Asian consumers increasingly viewing health supplements as "an investment rather than an expense" are driving growth in New Zealand's natural products industry, says the boss of Comvita's operations in China and Southeast Asia.
Bay of Plenty-based Comvita markets products including manuka honey lozenges and bee pollen capsules and operates more than 450 retail sites across Asia.
South Asia general manager Ronnie Butt said Asian healthcare systems were generally not as good as what New Zealanders were used to.
"A lot of Asian consumers are now seeing health supplements, or natural skincare products, as an investment rather than an expense," he said.
"They're thinking, 'I better go and buy something for my parents to keep them healthy otherwise I'll be in trouble when they get sick'."
Hong Kong-based Butt, who is in New Zealand this week to speak at the Natural Products NZ annual summit, said 10 or 15 years ago consumers in countries like China weren't so worried about their health.
"Now they're investing in their health," he said. "That's a big paradigm shift and that's why the market's growing so strongly."
Butt said China, where the natural products category was growing at 15 to 20 per cent a year, was the growth engine for the industry in Asia.
At the same time, ageing populations in Japan, Korea, Taiwan and Hong Kong were also driving growth, he said.
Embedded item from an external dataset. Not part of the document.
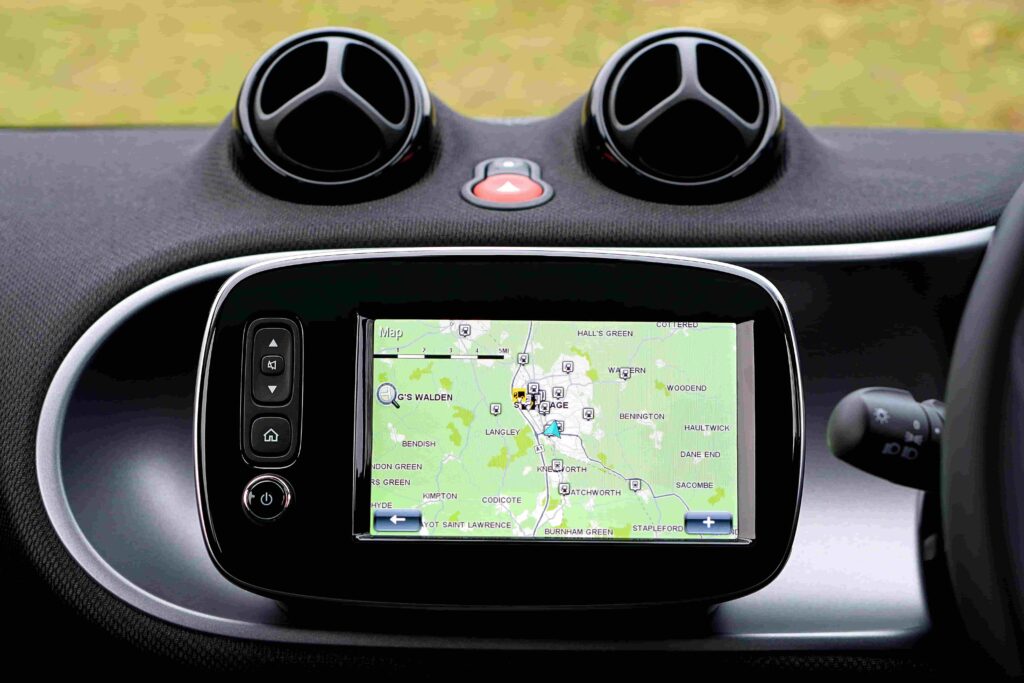 Como funciona o GPS e dicas de uso 4 Imagem de um GPS em um carro. Imagem via Pexels.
New Zealand's natural products industry earns annual revenue, including domestic sales, of around $1 billion. To compare, the wine industry contributes roughly $1.5 million to this country's economy annually.
Other big industry players include spirulina exporter Lifestream International, NZX-listed shark liver and Omega 3 oil maker SeaDragon and Manuka Health, which produces honeybee propolis and honey-based wound care products.
Butt said Asian consumers tended to be less cynical than their wes-tern counterparts about health supplements and other natural products.
Asian sales accounted for a third of Comvita's $96 million revenue in the year to March last year.